Whenever I think of high school PE class I think of the necklace you gave me for my birthday. It was an emerald necklace, which you said you got me because you loved my green eyes. You got it at Sky Star, in town. Someone stole it from my locker during gym class, a few weeks after you died. I always knew who did it, and I always hated her for it. I’m pretty sure used it to buy drugs. I wonder what ever happened to that girl.
After you died, I’d always sneak out to go to the park that we met at in the middle of the night, when you’d sneak out of your house because your parents would never let you out. I went there and swung on the swings, playing our playlist on my iPod. Do they even make iPods anymore? Sometimes there would be a huge breeze that would rip through the park while I was swinging and I always thought it was you. I knew it was you. I’d smile through tears. It helped to believe you were there. I know I was just lying to myself.

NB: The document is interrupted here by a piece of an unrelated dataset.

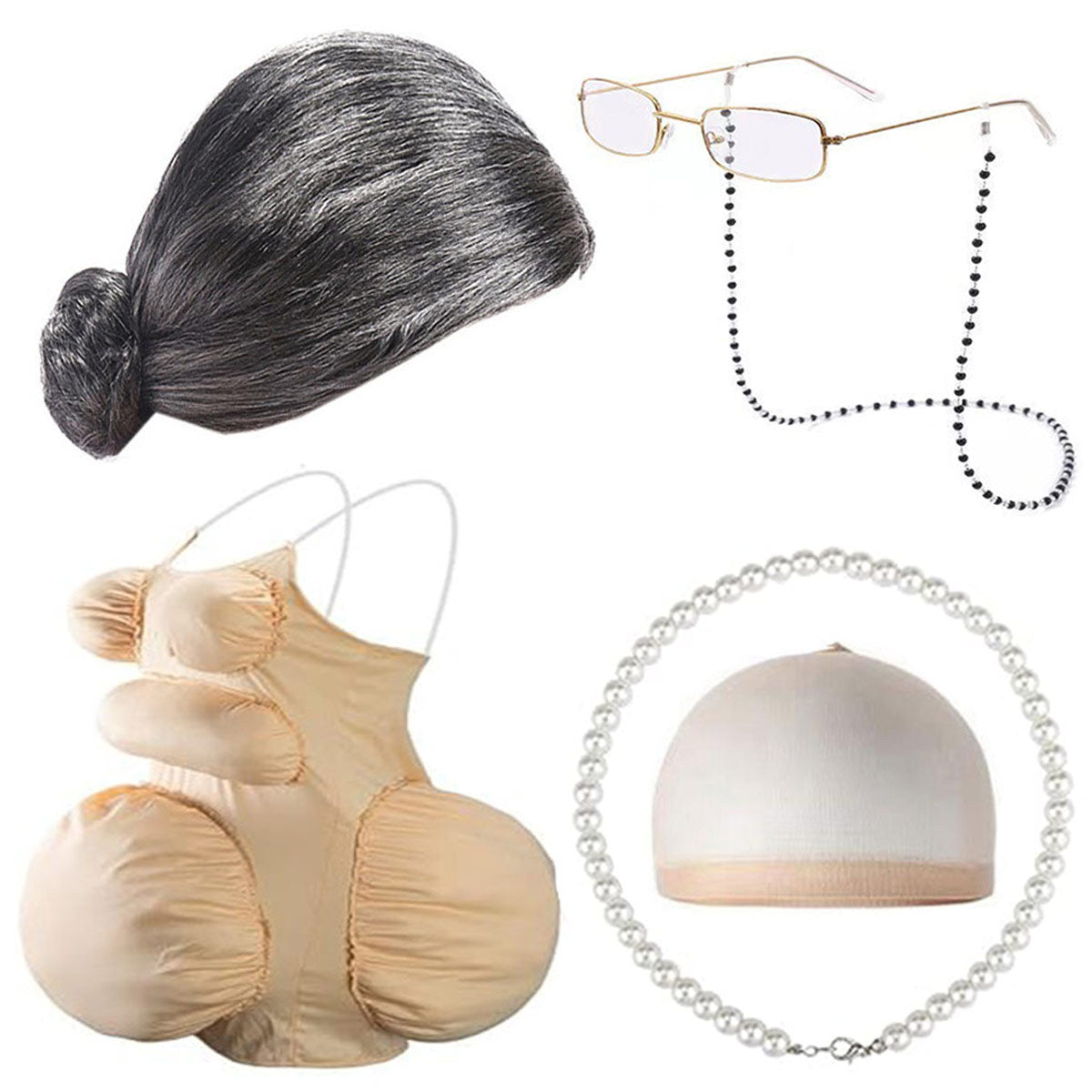 Fake Fat Belly School Day Role Play Dress Cos Wig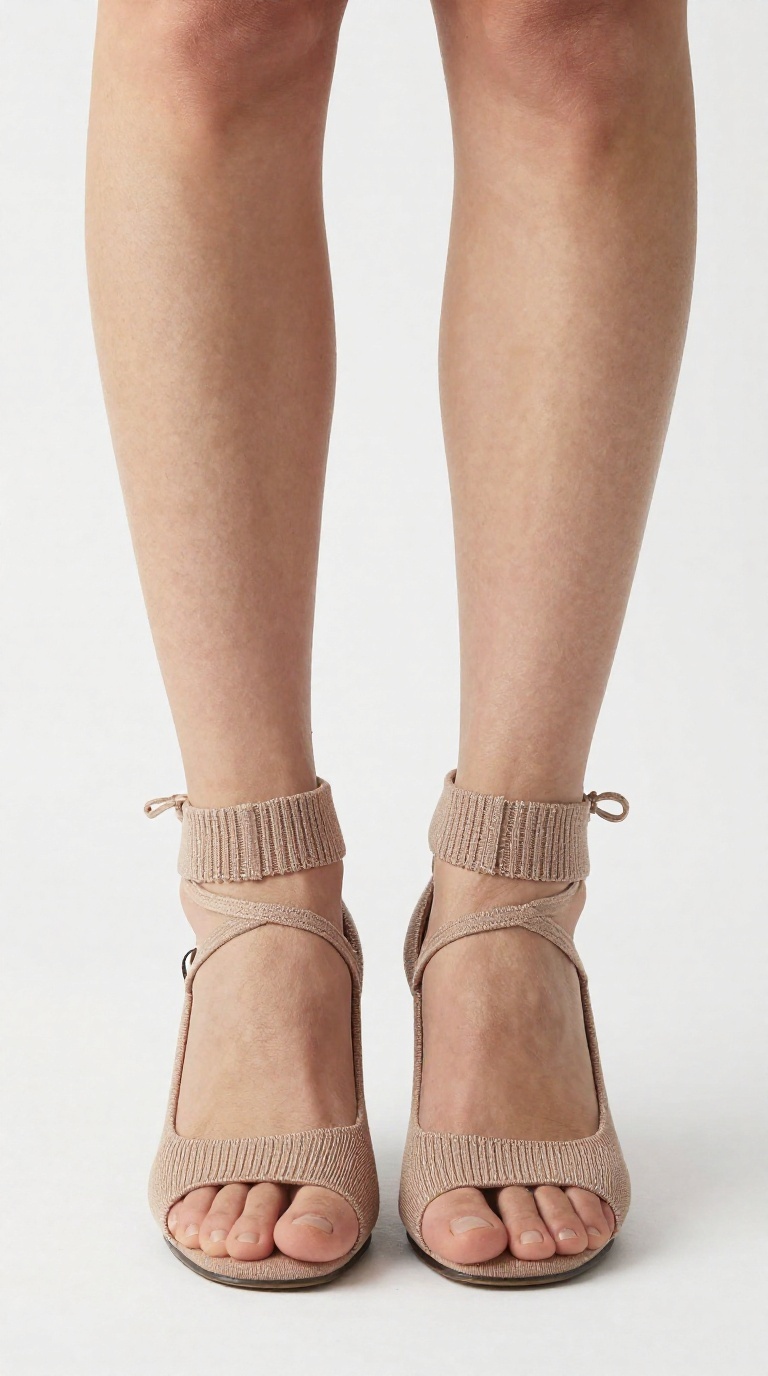 Low-angle view of a woman's feet in lace-up heels with ribbed knit uppers, one foot brushing the opposite ankle, set against a white studio backdrop.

Sometimes I dreamt about you. It was only a few times actually. I never could see you in my dreams for the longest time, and it really bothered me. One time I saw you and we were happy, and it was morning and the light was shining on your face and you were laughing. And I was laughing. And you were alive. But then I woke up. Just like that.
There was a period when I only listened to your playlist, over and over. iTunes told me I listened to a some of those songs over 7000 times on repeat. This was years ago. It was a strange and distinct phase. Your voicemails, they expired. I couldn’t hear your voice anymore, I couldn’t remember it either. I still remember your phone number though, by heart. To this day I still remember it. But your voice, I’m not sure. It’s like the more I try to discern it in my memory the faster it slips away from me. I guess that’s with all things, but it’s never more frightening when it’s aspects of a person who is gone that you can’t recall.

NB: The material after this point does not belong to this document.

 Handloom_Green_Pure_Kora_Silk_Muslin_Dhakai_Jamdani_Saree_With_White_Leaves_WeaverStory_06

I used to listen to our songs to remind me of you. To remind me that you were here, that you had been here. We were just 16. You gave me so much shit about me wanting to live in the present. I always thought that was ironic. If I hear “Fix You” by Coldplay, I can be reduced to tears instantaneously. Because it’s you. Because then I’m 16 again. I would’ve fixed you, if I could. But I was 16. And you didn’t tell anyone you were sad, sad enough to kill yourself. You were the comedian, you always made everyone laugh. You didn’t tell anyone. How was I supposed to know? How was anyone supposed to see it coming?
I printed out all of our online conversations, from the day I met you on. It’s hundreds of pages. I still have them in a box, with a picture of you that you took on my camera when I left it at Lucas’ house. Isn’t it crazy how some people have never experienced loss? Isn’t it crazy that people just have to keep going, they have to pick up the pieces, and keep living? After your parents called me and told me I had to come over, because I meant so much to their son. Your dad, he held me in his arms and told me between sobs that I was your soulmate. He thanked me for being his son’s soulmate. I was 16. I was overwhelmed. For a period they told us it was an accident. They didn’t tell us you doused yourself in gasoline and lit yourself on fire. I’ll never get that smell out of my brain.

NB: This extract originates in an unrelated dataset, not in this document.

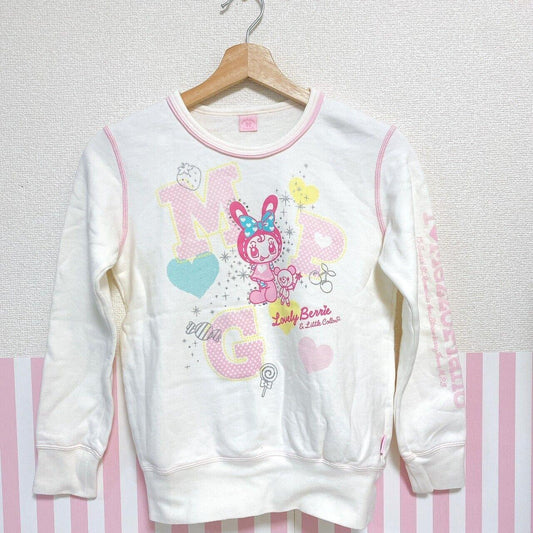 Mezzo Piano Sweatshirt Clothes 150cm White Berrie-chan Candy Rabbit M Cherry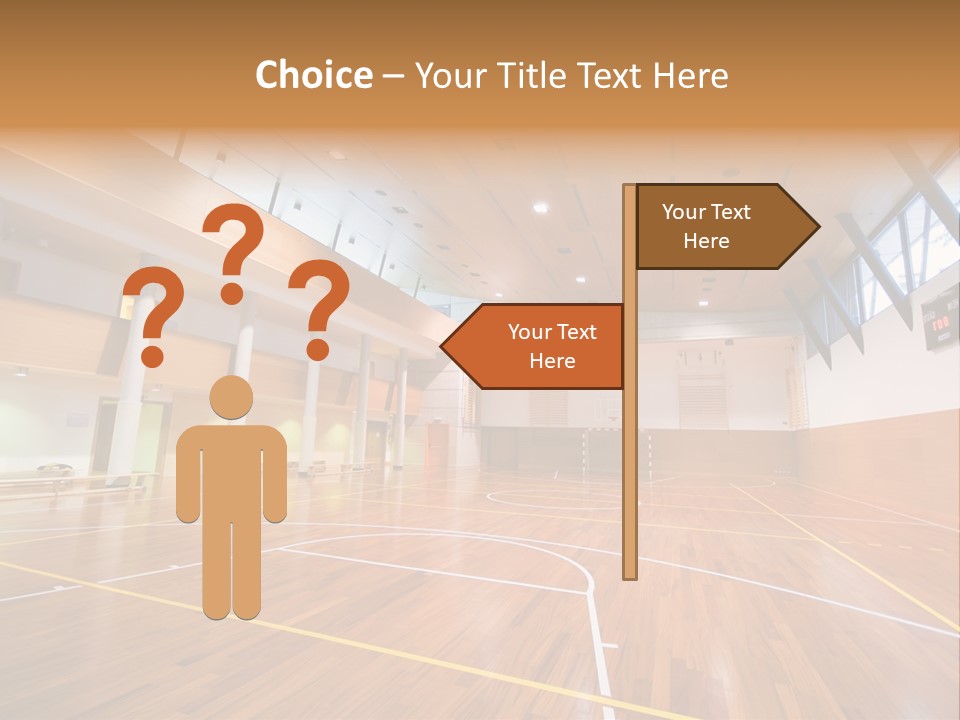 A Large Gymnasium With A Basketball Court And Wooden Floors PowerPoint Template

I was just 16. But I did love you. I never saw it coming. I will never understand why. I will never have an answer. I spent every night talking to you for hours, I never saw any signs. I listened to your voicemails, but it shed no light.
I’ll be 26 this year. It’s almost been 10 years. It’s been a decade since I saw you. If there is a heaven (I don’t believe there is), but if there was you’d be up there, still 16, waiting for all of us who loved you to come join you. But I wouldn’t be up there for awhile, hopefully. And I can’t always be 16. I had to grow up. That’s always bothered me about the concept of heaven, when you die aren’t you frozen in age?
You didn’t get a chance to leave your true impression on the world. And that’s okay. Because life isn’t about what you do, rather who you are, or who you were, and whose lives you touch while you are here. You had a huge spirit. You are unforgettable. So we carry you with us. Silently, but you are there. Really, that’s all anyone can ask for in this life. To mean something to someone, to mean something to anyone.
I got another tattoo, it’s an M on my ribcage, for you and my dad. I carry you both with me. I’ll keep getting older. And I’ll try to be brave. You told me to always be brave. At 3AM, sneaking out of your house so your family didn’t hear you on the phone, you’d tell me to not to become complacent; and to always be brave. It really sucked to be 16, after you died. All I had was the birthday card you gave me. Us forever, you said. I could never piece it all together, I gave up on that awhile ago. Even though we were 16, I will carry you with me, and I’ll be wading in the Velvet Sea. I may grow older, and you may still be 16, but I promise I’ll never forget. You kick the bucket, I’ll swing my legs.